Öte yandan gökyüzünde bir elemente aşırı vurgu olduğu zaman bir dengesizlik oluşur. 29 Ağustos’tan beri toplu halde Başak’ta ilerleyen Güneş, Merkür, Venüs ve Mars’a ılımlı açı yapan Oğlak’taki Satürn, Güney Ay Düğümü ve Plüto bizi fazlasıyla görevler, yapılacaklar, sınırlar, iş güç, sistem, kurumlar, oradan oraya koşturmalara çekmiş ve makineleştirmiş olabilir. Biz insanlar görev edindiklerimizi ve yapılması gerekenleri hedefe koyduğumuzda ‘makine gibi çalışıp üretebiliriz’, ama burada duygular ve ihtiyaçlar geri plana atılabilir (su eksikliği) , aşırı görev odaklılıktan farklı bakış açıları ve fikir çeşitliliği olmayabilir (hava eksikliği), bardağın dolu yarısını görmek ve hayata olumlu bir açıdan bakmak zor olabilir (ateş eksikliği). Yay’daki Jüpiter büyüten şans dokunuşu, vizyon, ilham ve ufuk açıcı destek için dokunacak yer bulamayabilir.

Aslan dönemindeki oyuncu, dramatik, sıcak mı sıcak iklim ve mizacımız sonrası şimdi bu yavaşça serinleme, gerçeklerimize (şehre, okula, işe) dönme bizi yeniden topraklandırıp düzenimize bağlamış olabilir. Ve şimdi 14 Eylül 2019 sabahı 07.33 civarı gerçekleşecek Balık’taki Dolunay’da da tüm bu çabamızın ve yaptıklarımızın karşısında içimizden yükselene bakıp kısa bir mola alma zamanında olacağız. Her Dolunay fazı böyle bir evre. Başladığımız noktaya karşı açıdan bakmak.

30 Ağustos’ta Başak’ta gerçekleşen Yeniay’la her neleri iyileştirip mükemmelleştirme yolunda adım attıysak şimdi elimizde ne olduğunu görüyoruz. Ama acaba tam olarak görebiliyor muyuz?

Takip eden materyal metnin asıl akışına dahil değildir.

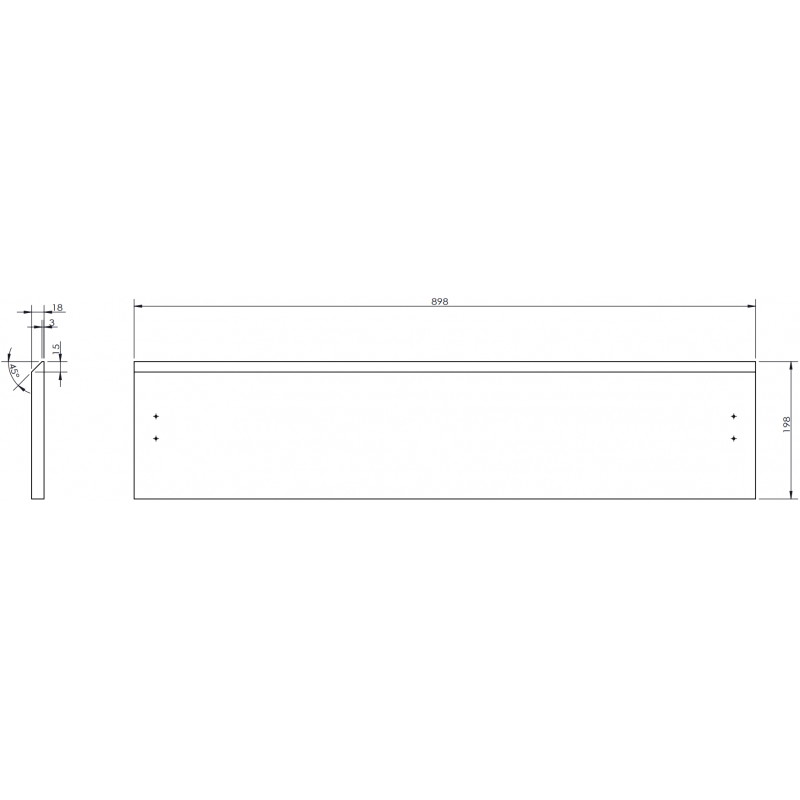Mexen Rivel front ryflowany do korpusu szafki łazienkowej 90 x 20 cm, orzech - 91A20-0900-235-1-86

Dolunay’la kavuşum yapan Neptün ortamı bulandırıyor. Elimizde tam olarak ne var, iyi mi değil mi, gerçek mi elle tutulabilir mi bilemiyoruz. Bir yandan hala o ‘daha iyisini’ yapmak ve üretme ‘isteğimiz’ baki. Mars Güneş’le kavuşum yaparak Ay ve Neptün’e karşıt açıda duruyor. Yapamadığımızda içimizde yükselen bir öfke olabilir. Bunu işimize öevirmek yerine etrafa saçabiliriz, gerekli gereksiz parlayıp öfkeyi (isteği, azmi) abartabiliriz. Sanki yapıyoruz yapıyoruz ama bir şey olmuyor gibi mi? Ya da sudaki dalgalara yumruk atıyoruz gibi haller mi? Kime ne fayda? Halbuki faydalı olmadan rahat edemiyoruz ki!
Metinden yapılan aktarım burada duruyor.